* **Given records**
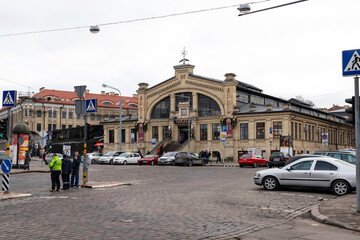 12-19-2019. Vilnius, Lithuania. Market Square.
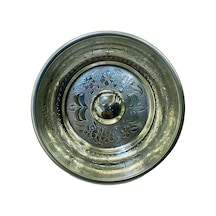 20 Cm Metal Hamam Tası Gümüş
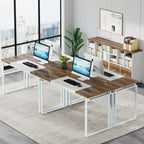 63 L-Shaped Computer Desk Executive Desks with Reversible File Cabinet and Storage Drawers for Home Office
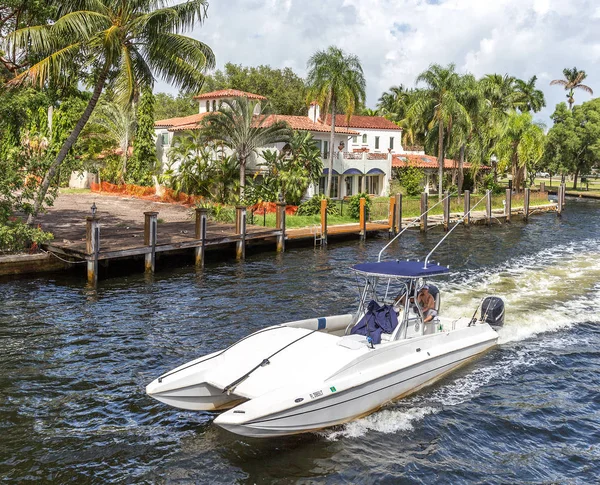 Fort Lauderdale Agosto 2014 Mansión Lujo Parte Exclusiva Fort Lauderdale — Foto de Stock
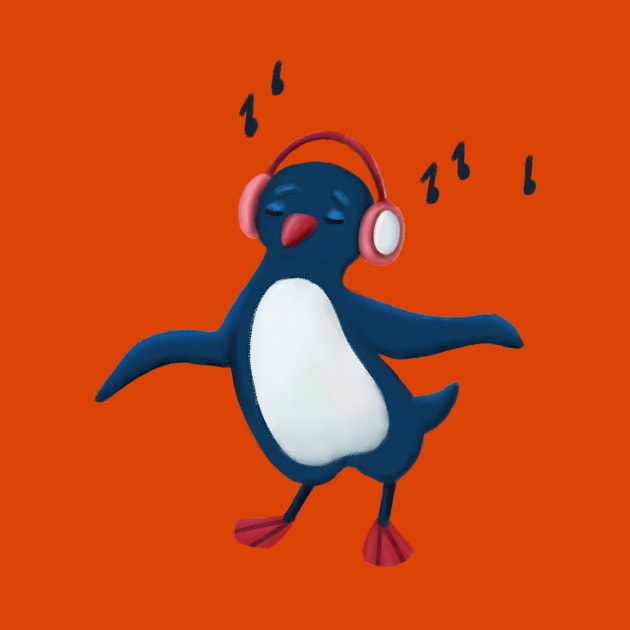 Penguin Music Party by JoanTatley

* **What to work on**
Could the data above be reproduced exactly, with the pictures left out?

* **Written answer**
 12-19-2019. Vilnius, Lithuania. Market Square.
 20 Cm Metal Hamam Tası Gümüş
 63 L-Shaped Computer Desk Executive Desks with Reversible File Cabinet and Storage Drawers for Home Office
 Fort Lauderdale Agosto 2014 Mansión Lujo Parte Exclusiva Fort Lauderdale — Foto de Stock
 Penguin Music Party by JoanTatley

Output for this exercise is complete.